The stipulation agreement says Apitor neither admits nor denies the allegations in the complaint. It directs the company to delete all personal information obtained from children.
Spokesmen for Apitor and the Justice Department did not immediately respond to a request for comment.
China, in the past several decades, has been collecting masses of data on Americans stolen from government and private sector networks. Analysts believe the data is part of the Chinese government’s efforts to develop artificial intelligence for spying or information warfare purposes.
Apitor is the international brand name of Shenzhen Zhihou Technology Co., Ltd., a Shenzhen-based company founded in 2019. The company sells educational robots, building-block kits and smart toys.
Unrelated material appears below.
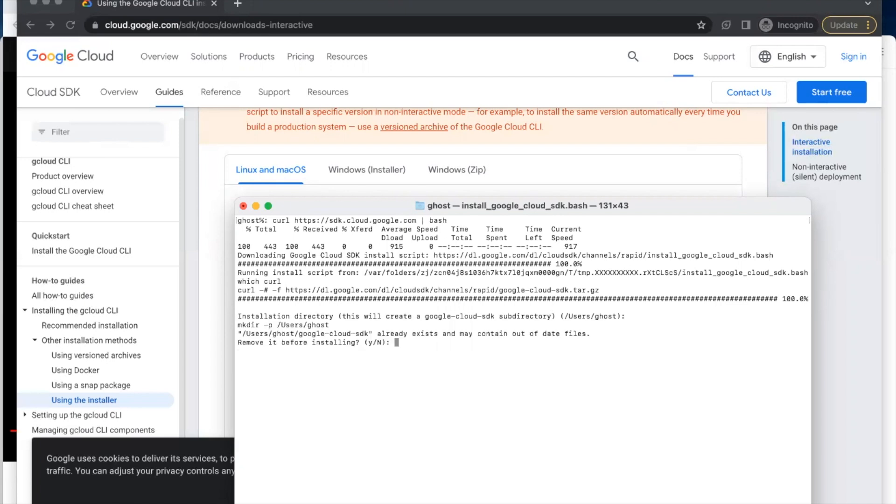I've already installed this Google Cloud SDK, so it's asking me if I want to remove the old one before installing the new one. I'll type the small letter Y.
While Apitor markets itself internationally as an education company and toy manufacturer, its parent entity, Shenzhen Zhihou, has extensive links to security and ideological education projects in China, according to China specialist L.J. Eads.
The company works with Chinese security services through interactive training. “These include immersive public security, civil air defense, traffic safety, anti-drug, and ‘Future Police School’ security education centers, often inaugurated with the participation of local Public Security Bureaus and senior officials from the Zhejiang Provincial Public Security Department,” said L.J.. Eads, head of the research firm Data Abyss.
Many projects explicitly integrate “party-building culture” and ideological messaging alongside safety instruction, he said.
Mr. Eads said Apitor functions as an extension of CCP civic indoctrination efforts, especially targeting youth by embedding Party and police narratives in its educational products.
“Internationally, the Apitor brand may appear neutral, but its corporate parent’s domestic role in CCP-driven campaigns creates reputational risk if foreign partners, schools, or governments adopt Apitor products unaware of this dual alignment,” he said.